(Web page caption snippets)
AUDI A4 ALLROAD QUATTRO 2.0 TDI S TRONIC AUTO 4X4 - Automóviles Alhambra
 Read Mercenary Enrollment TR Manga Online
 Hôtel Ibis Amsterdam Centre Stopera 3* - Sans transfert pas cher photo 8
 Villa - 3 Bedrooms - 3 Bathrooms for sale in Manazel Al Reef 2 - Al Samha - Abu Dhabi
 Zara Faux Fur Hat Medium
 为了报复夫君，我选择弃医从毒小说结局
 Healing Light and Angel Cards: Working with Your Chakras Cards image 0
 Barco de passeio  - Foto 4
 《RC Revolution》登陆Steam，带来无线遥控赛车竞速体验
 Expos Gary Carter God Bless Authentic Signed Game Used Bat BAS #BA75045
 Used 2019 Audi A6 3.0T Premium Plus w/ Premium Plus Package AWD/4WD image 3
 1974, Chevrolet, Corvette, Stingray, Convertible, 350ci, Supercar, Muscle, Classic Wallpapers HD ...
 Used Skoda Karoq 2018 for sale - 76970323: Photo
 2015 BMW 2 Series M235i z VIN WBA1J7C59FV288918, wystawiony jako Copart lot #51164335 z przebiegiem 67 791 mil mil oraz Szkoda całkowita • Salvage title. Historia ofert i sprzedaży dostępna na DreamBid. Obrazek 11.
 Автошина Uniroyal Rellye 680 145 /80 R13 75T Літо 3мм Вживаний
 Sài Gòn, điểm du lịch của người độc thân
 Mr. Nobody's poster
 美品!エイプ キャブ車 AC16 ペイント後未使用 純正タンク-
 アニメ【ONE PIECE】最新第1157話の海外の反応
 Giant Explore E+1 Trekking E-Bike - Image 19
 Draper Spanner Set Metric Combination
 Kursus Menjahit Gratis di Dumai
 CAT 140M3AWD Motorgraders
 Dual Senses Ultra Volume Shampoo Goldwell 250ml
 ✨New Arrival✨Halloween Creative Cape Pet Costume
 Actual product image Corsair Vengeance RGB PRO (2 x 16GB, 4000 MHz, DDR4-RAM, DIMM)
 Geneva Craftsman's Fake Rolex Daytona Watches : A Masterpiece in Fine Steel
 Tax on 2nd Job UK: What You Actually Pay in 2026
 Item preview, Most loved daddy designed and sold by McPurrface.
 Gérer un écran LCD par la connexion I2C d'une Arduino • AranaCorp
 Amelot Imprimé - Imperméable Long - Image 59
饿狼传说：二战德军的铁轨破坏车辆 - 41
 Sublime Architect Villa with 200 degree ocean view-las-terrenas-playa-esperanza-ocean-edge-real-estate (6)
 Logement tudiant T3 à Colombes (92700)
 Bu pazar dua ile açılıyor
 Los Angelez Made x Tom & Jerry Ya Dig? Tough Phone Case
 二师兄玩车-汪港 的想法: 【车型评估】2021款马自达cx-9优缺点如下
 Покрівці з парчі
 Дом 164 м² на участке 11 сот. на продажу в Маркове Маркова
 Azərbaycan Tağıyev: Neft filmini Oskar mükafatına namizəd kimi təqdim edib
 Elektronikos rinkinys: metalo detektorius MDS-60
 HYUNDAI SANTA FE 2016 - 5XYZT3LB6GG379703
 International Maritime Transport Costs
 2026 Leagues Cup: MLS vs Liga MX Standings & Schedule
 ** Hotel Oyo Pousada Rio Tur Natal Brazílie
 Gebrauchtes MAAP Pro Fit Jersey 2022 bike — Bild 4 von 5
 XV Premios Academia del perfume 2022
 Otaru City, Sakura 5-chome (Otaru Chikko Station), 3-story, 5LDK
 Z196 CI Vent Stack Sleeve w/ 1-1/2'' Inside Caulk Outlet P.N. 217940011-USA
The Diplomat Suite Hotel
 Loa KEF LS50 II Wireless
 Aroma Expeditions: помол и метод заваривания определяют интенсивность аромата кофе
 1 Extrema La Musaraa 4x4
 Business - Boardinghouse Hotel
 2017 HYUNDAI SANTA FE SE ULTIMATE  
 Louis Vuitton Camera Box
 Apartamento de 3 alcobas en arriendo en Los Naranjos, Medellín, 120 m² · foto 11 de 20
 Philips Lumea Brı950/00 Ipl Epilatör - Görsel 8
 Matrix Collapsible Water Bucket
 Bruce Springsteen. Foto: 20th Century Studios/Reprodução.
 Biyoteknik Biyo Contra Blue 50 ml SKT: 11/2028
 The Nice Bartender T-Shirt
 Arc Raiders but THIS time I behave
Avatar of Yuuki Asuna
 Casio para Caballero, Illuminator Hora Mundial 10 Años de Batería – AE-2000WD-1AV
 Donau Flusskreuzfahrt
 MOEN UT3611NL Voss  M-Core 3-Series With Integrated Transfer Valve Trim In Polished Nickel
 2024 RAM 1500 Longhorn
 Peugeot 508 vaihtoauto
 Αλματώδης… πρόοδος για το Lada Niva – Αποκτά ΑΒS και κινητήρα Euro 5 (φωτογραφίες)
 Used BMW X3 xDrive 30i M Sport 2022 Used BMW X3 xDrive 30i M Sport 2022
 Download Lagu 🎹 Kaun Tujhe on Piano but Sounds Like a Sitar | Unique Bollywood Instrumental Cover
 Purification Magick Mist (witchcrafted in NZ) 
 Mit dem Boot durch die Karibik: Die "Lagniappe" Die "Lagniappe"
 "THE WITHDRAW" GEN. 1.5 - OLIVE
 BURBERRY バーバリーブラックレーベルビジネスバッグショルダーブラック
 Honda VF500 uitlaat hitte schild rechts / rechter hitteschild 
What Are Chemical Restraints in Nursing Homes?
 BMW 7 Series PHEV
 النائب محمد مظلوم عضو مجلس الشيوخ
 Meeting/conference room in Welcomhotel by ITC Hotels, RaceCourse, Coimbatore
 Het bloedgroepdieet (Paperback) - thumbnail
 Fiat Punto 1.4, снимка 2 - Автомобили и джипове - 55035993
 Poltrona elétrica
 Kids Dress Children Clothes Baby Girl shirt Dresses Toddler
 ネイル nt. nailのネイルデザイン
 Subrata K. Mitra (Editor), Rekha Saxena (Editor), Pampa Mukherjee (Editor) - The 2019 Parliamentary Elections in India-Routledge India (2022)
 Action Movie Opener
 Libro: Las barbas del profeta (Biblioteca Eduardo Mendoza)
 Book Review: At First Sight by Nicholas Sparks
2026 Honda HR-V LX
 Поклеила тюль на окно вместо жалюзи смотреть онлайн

■ Exercise aim:
Every line that contains "SANTA" should be copied out of the data.

■ Task output:
 HYUNDAI SANTA FE 2016 - 5XYZT3LB6GG379703
 2017 HYUNDAI SANTA FE SE ULTIMATE  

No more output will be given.